Anche se storicamente a Roma ogni luogo poteva diventare spazio di esecuzioni, proprio per permettere che lo “spettacolo” potesse essere pubblico, le zone scelte ad un certo punto furono quelli che riuscivano ad accogliere un numero consistente di persone.
Tra questi troviamo Campo dei Fiori, deputato ai roghi, Ponte Sant’Angelo, Piazza del Popolo, via dei Cerchi, il Circo Massimo e tristemente famosa anche la rupa Tarpea di Monte Caprino al Campidoglio.
Anche se queste narrazioni sembrano ora qualcosa di lontano, in realtà Amnesty International ha segnalato che il 2022 è stato l’anno che ha registrato il numero più alto di esecuzioni negli ultimi cinque anni.

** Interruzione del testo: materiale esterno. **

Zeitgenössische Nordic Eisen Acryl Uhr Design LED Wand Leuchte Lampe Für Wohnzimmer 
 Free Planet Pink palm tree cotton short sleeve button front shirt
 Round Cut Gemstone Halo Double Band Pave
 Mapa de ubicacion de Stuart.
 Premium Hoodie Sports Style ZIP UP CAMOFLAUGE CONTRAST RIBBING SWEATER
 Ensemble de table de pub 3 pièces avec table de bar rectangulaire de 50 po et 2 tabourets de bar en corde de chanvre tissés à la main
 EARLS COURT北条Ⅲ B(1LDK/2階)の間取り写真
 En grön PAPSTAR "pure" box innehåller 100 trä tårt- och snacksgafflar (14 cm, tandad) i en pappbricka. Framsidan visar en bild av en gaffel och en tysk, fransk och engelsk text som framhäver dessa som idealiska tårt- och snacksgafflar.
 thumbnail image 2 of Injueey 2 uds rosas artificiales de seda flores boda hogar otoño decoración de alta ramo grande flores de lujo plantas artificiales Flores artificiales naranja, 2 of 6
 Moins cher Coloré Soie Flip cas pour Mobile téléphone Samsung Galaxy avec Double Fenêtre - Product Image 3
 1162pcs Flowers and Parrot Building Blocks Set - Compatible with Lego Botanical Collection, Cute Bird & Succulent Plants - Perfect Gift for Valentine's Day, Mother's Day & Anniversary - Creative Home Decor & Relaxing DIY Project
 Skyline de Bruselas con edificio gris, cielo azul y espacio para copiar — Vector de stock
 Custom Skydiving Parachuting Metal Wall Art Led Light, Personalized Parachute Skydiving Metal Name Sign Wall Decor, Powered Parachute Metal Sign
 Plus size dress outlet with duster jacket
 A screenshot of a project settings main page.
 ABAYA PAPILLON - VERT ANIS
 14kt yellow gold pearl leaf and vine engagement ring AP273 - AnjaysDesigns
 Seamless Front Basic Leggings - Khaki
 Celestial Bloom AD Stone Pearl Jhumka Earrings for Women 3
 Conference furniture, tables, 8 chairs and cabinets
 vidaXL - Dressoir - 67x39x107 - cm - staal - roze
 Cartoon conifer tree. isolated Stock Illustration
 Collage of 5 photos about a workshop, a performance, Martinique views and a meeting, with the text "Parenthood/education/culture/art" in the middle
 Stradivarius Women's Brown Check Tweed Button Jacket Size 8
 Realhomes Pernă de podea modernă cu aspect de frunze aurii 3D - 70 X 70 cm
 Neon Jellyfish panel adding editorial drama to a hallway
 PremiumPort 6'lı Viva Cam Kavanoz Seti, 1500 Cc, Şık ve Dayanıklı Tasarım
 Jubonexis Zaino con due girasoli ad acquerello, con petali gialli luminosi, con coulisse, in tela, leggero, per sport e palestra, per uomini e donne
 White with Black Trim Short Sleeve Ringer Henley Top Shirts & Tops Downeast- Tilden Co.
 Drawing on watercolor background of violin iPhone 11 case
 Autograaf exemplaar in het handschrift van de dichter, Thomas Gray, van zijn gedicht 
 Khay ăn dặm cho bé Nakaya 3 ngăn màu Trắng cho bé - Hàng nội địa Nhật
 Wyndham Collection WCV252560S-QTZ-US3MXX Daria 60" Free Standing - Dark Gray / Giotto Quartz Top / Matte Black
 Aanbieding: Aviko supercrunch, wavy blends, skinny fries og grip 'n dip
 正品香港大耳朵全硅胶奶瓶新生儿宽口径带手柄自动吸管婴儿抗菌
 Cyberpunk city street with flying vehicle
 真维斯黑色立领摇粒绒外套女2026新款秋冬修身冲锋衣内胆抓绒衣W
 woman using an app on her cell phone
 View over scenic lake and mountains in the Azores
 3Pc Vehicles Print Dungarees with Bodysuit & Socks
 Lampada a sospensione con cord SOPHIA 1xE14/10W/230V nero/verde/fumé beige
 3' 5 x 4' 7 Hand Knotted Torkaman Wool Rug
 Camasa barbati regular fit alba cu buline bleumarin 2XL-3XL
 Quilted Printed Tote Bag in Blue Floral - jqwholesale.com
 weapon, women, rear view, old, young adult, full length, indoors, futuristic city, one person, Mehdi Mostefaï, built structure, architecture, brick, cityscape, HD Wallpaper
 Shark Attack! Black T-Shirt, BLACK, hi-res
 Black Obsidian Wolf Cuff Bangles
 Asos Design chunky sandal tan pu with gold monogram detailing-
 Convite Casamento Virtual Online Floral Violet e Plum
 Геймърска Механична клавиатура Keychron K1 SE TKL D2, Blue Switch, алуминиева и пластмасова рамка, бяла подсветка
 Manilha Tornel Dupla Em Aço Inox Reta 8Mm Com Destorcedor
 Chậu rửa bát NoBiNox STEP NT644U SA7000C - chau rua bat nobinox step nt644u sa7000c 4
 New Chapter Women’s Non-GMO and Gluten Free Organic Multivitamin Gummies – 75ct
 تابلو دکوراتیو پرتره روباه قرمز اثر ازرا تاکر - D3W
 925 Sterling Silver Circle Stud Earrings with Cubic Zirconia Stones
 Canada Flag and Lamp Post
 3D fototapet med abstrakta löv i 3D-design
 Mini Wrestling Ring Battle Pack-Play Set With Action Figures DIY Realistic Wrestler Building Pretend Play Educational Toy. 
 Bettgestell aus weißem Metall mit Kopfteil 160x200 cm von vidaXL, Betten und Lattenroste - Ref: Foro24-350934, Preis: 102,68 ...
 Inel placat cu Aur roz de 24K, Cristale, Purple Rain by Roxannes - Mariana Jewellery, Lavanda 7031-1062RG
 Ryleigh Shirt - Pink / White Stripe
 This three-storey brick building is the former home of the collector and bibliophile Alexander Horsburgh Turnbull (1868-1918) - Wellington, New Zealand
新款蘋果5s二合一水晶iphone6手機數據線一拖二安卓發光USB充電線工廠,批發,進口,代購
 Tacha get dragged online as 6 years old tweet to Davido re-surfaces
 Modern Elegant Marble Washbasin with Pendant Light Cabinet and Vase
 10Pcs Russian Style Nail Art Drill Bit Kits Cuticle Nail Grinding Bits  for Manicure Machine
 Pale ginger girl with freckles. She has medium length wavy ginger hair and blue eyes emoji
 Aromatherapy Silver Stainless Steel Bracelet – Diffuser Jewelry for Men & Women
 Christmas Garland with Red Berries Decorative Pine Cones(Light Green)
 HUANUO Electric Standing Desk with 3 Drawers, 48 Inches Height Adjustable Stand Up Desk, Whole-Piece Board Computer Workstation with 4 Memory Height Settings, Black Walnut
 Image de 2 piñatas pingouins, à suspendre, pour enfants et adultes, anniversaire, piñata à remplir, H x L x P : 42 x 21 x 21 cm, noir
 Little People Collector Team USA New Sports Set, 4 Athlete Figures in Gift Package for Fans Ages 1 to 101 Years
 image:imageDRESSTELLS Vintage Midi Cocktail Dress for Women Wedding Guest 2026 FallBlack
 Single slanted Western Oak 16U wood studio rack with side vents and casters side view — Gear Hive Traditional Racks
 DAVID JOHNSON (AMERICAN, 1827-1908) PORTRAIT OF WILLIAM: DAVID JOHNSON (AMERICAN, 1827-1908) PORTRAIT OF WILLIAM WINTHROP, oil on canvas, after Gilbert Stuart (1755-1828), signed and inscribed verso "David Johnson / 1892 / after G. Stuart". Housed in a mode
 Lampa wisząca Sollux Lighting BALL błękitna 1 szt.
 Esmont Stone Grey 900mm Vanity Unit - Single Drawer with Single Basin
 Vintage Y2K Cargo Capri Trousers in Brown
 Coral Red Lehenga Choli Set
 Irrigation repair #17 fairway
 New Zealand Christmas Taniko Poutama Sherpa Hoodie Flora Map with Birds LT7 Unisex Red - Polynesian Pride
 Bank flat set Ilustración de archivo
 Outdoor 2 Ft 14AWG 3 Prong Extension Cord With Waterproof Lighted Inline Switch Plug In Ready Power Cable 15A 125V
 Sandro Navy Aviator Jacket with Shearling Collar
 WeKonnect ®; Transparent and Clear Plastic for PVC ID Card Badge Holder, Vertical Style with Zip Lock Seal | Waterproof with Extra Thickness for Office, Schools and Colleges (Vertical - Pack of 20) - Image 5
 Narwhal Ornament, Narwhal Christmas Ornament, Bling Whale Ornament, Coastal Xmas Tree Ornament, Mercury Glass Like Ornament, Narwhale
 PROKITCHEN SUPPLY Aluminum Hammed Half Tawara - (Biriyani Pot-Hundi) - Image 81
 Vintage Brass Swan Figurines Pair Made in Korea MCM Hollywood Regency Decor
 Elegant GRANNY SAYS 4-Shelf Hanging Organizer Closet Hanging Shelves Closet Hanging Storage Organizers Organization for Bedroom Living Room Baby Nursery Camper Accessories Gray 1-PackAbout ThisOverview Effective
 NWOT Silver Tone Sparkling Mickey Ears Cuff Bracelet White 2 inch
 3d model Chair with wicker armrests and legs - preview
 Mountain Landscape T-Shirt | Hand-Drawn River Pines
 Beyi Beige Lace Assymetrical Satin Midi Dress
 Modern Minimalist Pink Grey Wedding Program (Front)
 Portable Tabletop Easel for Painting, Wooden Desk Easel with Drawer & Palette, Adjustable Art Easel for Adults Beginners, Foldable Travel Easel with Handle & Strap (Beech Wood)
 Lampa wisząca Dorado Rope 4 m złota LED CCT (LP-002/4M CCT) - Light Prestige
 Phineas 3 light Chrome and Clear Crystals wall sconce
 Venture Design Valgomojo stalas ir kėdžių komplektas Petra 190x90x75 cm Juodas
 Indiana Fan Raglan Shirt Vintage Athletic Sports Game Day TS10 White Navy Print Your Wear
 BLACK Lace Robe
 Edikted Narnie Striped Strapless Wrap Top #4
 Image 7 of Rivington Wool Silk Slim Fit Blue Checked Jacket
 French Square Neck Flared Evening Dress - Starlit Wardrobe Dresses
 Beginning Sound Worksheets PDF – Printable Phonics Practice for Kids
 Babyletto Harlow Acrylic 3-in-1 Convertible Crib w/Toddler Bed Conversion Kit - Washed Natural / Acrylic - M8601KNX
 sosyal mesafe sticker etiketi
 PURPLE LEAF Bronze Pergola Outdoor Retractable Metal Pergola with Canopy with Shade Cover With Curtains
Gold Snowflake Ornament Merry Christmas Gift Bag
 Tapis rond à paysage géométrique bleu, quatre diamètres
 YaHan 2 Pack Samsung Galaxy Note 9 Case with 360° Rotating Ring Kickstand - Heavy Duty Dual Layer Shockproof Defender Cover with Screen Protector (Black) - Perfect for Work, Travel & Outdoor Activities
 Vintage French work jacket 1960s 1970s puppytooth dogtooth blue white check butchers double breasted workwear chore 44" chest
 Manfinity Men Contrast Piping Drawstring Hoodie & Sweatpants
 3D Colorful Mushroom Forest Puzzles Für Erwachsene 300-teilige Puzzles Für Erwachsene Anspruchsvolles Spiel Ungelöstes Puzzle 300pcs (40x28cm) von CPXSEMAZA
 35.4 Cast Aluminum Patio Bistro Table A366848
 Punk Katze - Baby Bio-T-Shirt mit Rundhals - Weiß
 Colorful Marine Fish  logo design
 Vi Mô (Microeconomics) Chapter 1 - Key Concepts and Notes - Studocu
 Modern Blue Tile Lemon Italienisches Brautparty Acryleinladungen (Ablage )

Attualmente la pena di morte è in vigore in cinquantatré Stati: Afghanistan, Antigua e Barbuda, Arabia Saudita, Bahamas, Bahrein, Bangladesh, Barbados, Belize, Bielorussia, Botswana, Cina, Comore, Corea del Nord, Cuba, Dominica, Egitto, Emirati Arabi Uniti, Etiopia, Gambia, Giamaica, Giappone, Giordania, Guyana, India, Indonesia, Iran, Iraq, Kuwait, Lesotho, Libano, Libia, Malesia, Nigeria, Oman, Pakistan, Palestina, Qatar, Repubblica Democratica del Congo, Saint Kitts e Nevis, Saint Lucia, Saint Vincent e Grenadine, Singapore, Siria, Somalia, Stati Uniti d’America, Sudan, Sudan del Sud, Taiwan, Thailandia, Trinidad e Tobago, Uganda, Vietnam, Yemen e Zimbabwe.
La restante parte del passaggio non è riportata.